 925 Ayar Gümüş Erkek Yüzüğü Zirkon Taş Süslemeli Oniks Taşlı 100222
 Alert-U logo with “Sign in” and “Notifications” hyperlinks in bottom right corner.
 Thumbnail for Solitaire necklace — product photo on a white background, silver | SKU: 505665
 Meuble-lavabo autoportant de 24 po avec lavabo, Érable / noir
--
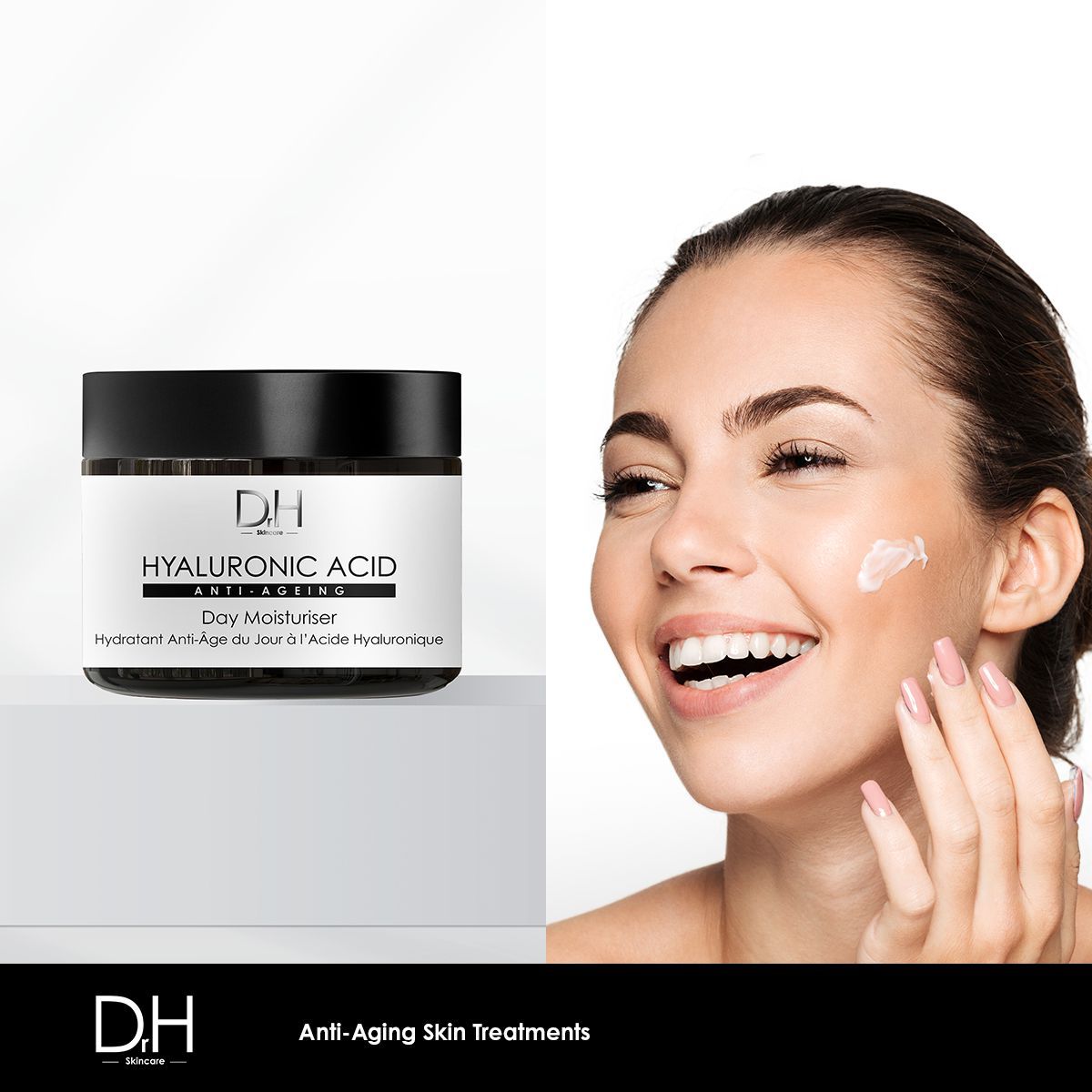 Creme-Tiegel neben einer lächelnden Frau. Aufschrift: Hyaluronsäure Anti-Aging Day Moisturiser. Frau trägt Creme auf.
--
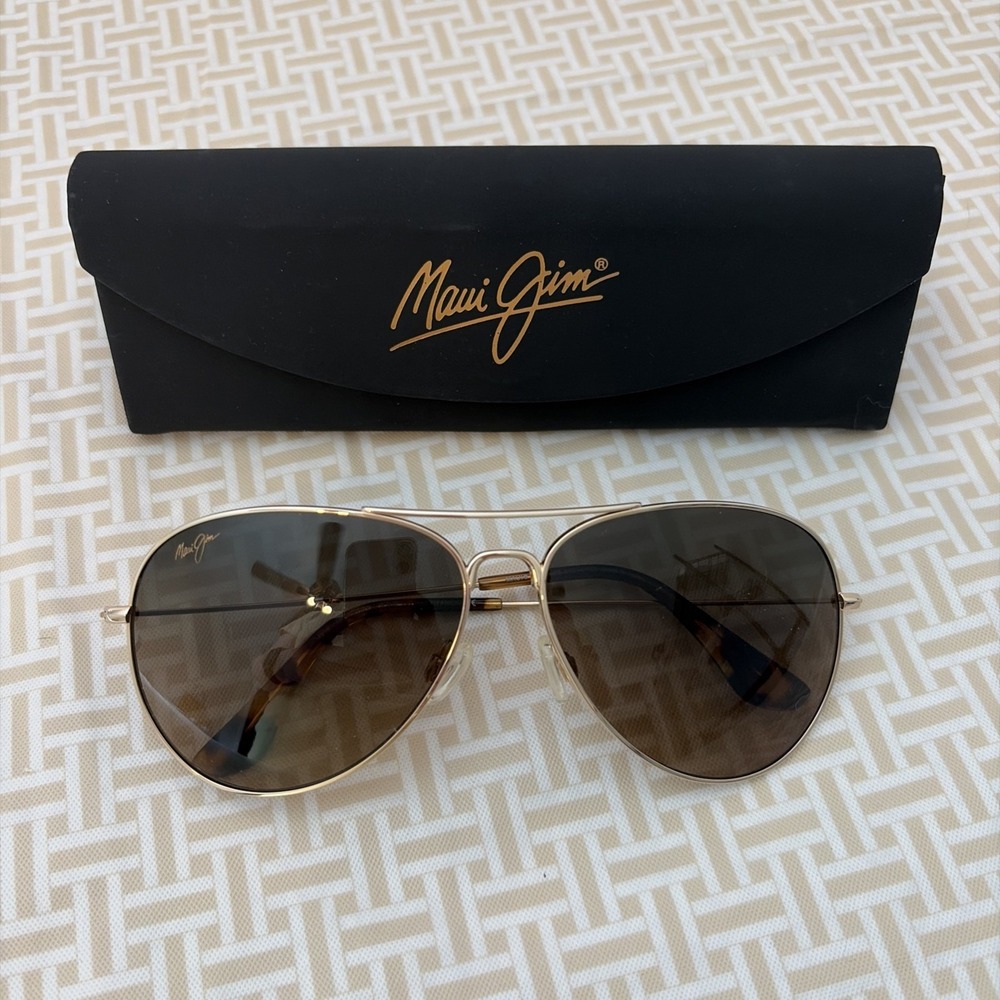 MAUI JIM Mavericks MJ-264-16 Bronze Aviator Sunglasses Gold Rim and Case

**Your assignment**.
The required answer is the run of lines above, starting at the line with "925 Ayar Gümüş" and ending at the line with "Meuble-lavabo autoportant de", reproduced exactly with both ends.

**Response box**.
 925 Ayar Gümüş Erkek Yüzüğü Zirkon Taş Süslemeli Oniks Taşlı 100222
 Alert-U logo with “Sign in” and “Notifications” hyperlinks in bottom right corner.
 Thumbnail for Solitaire necklace — product photo on a white background, silver | SKU: 505665
 Meuble-lavabo autoportant de 24 po avec lavabo, Érable / noir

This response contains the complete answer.